The example will make use of the following Python imports and definitions. These include the Quantum Fourier Transform (QFT) and Quantum Phase Estimation (QPE) code from previous example notebooks.

import random
from fractions import Fraction
from functools import partial
from math import gcd, log2, ceil

import numpy as np

from examples_lib import create_qpe_circuit, continued_fraction, convergents
from tinyqsim.utils import bits_to_int
MAX_TRIES = 10  # Give up after 10 attempts
def format_bits(bitlist, nbits=0):
    """Format a list of bits (0 or 1) as a string, optionally padded with zeros to nbits.
    Example: format_bits([0,1,0,1],6) -> '000101'
    """
    return ''.join([str(i) for i in bitlist]).zfill(nbits)

The Top-Level Algorithm

The algorithm is based on number theory and makes use of modular arithmetic as well as Euclid's algorithm for efficiently finding the Greatest Common Divisor (GCD) of two integers.
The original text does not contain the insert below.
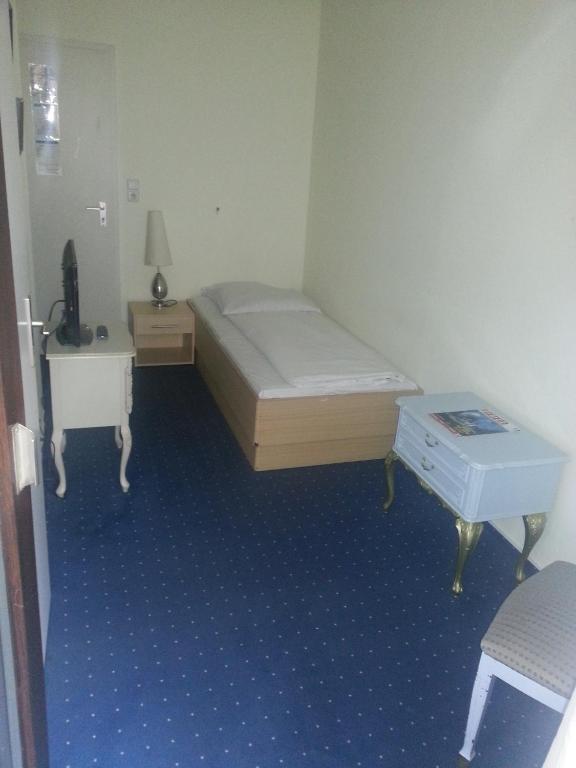 Hotelgarni Frankfurt Frankfurt am Main Værelse billede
The aim is to factor a composite number \(N\) into its factors \(p_1\) and \(p_2\):

\[N=p_1\ p_2 \]

We will assume that these factors are odd primes. If \(N\) is even, then \(2\) is trivially a factor. If the values are not prime, we can recursively call the factorization routine, using a classical primality test to decide when to stop recursing.

We start by choosing a random integer \(a\) such that \(1<a<N\).

If \(\gcd(a,N)\ne 1\) then the GCD is a factor and we can stop.

Otherwise, we find the multiplicative order of \(a\) modulo \(N\). This is defined as the smallest positive integer \(r\) such that:

\[a^r\equiv 1\pmod{N} \]

where \(a\) is an integer coprime to \(N\):

\[\gcd(a, N)=1 \]

Finding the order is the part of the algorithm that can make use of a quantum processor to give an exponential speed improvement.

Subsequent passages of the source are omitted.